Gonsalves, who also has ministerial responsibility for legal affairs and tax, said that since Solidarity Inc. is a private entity, he doesn’t have to see their balance sheets.

“There is nothing in the agreement [saying] I had to see their audited statements and I have never heard of audited statement of a private entity to be laid in the House,” he said, adding that all company information are available to the public via the company registry.

“Why is it that we must look into the business of Solidarity Inc. to have it laid in the House? Are we going to change the laws, the company laws?
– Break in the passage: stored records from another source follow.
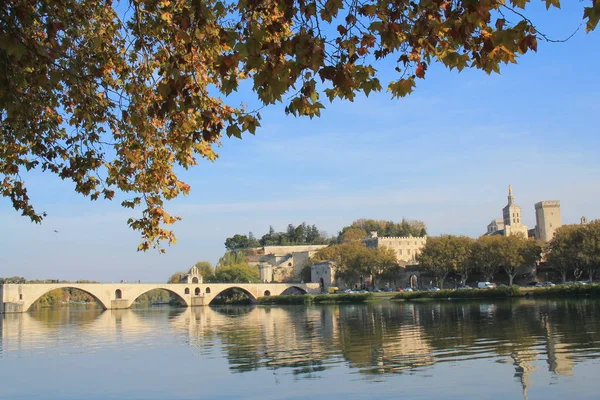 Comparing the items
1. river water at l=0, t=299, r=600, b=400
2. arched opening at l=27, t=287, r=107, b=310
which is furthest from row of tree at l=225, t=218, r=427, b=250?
river water at l=0, t=299, r=600, b=400

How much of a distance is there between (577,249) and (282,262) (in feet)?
196

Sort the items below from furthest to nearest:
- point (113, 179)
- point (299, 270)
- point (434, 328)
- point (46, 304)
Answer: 1. point (299, 270)
2. point (46, 304)
3. point (434, 328)
4. point (113, 179)

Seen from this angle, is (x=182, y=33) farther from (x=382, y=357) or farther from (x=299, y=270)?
(x=299, y=270)

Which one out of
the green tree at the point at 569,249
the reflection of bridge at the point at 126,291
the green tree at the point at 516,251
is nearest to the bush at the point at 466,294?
the green tree at the point at 569,249

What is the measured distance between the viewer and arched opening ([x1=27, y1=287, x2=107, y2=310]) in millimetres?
81688

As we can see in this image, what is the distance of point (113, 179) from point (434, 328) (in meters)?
19.1

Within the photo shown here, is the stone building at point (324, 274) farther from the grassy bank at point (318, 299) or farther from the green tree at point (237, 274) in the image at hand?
the grassy bank at point (318, 299)

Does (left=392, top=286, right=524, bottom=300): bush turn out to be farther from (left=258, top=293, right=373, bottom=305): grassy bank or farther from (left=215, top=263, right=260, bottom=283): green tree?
(left=215, top=263, right=260, bottom=283): green tree

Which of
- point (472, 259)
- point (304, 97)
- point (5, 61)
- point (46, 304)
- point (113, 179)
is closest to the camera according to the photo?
point (304, 97)

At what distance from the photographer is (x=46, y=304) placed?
4126 inches

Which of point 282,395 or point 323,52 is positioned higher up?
point 323,52

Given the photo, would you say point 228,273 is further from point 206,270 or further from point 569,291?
point 569,291

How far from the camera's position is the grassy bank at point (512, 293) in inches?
1884

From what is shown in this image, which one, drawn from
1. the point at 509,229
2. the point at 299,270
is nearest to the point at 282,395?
the point at 299,270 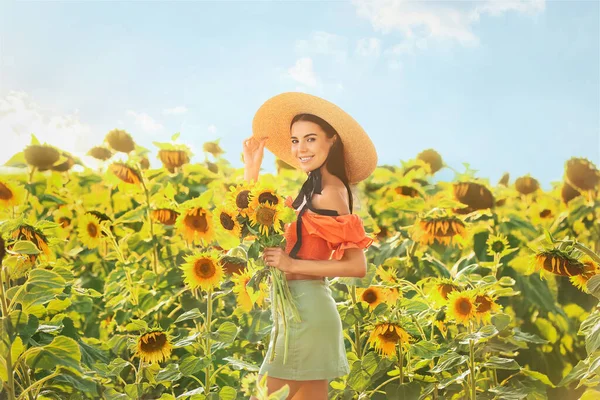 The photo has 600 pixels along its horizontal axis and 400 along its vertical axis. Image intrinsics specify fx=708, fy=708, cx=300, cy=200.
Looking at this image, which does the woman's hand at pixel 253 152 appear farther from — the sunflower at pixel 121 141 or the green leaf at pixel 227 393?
the sunflower at pixel 121 141

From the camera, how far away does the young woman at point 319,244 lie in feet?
7.00

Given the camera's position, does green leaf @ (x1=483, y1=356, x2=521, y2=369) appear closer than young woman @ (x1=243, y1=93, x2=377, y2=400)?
No

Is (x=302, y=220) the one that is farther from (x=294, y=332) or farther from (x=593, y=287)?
(x=593, y=287)

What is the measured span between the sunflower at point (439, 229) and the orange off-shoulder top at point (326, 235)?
2.46 ft

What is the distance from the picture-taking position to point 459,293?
8.22 ft

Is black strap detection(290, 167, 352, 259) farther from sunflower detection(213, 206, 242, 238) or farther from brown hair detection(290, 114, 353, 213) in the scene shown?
sunflower detection(213, 206, 242, 238)

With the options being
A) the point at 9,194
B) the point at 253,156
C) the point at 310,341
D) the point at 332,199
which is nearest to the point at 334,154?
the point at 332,199

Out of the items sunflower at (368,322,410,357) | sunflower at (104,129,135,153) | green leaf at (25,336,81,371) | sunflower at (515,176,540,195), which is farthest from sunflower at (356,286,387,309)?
sunflower at (515,176,540,195)

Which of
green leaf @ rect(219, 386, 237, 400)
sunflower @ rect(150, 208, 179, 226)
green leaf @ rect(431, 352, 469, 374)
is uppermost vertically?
sunflower @ rect(150, 208, 179, 226)

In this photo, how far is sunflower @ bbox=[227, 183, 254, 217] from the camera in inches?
82.5

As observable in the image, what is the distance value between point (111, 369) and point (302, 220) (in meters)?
0.94

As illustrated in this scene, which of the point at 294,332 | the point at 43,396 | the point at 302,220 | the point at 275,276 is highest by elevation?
the point at 302,220

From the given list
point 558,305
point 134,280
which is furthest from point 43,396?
point 558,305

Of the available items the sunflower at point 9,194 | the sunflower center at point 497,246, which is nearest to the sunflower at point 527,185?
the sunflower center at point 497,246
If I want to see it, I would go up there and I would pay … [to see it],” he said in reference to the company registry.

Gonsalves, however, said that he was told that the accounts from Solidarity Inc.’s first year of managing the car park were being audited and the company has “on the cards distribution of dividends”.

“I am not on Mars. I know some of the politics that is behind an apparently innocuous question and that is why I put the context to this in every material particular,” Gonsalves said.

Meanwhile, Minister of Agriculture Saboto Caesar, in response to a separate question from Cummings, detailed the ways in which farmers and other farmers groups have benefited since Solidarity Inc. began managing the car park.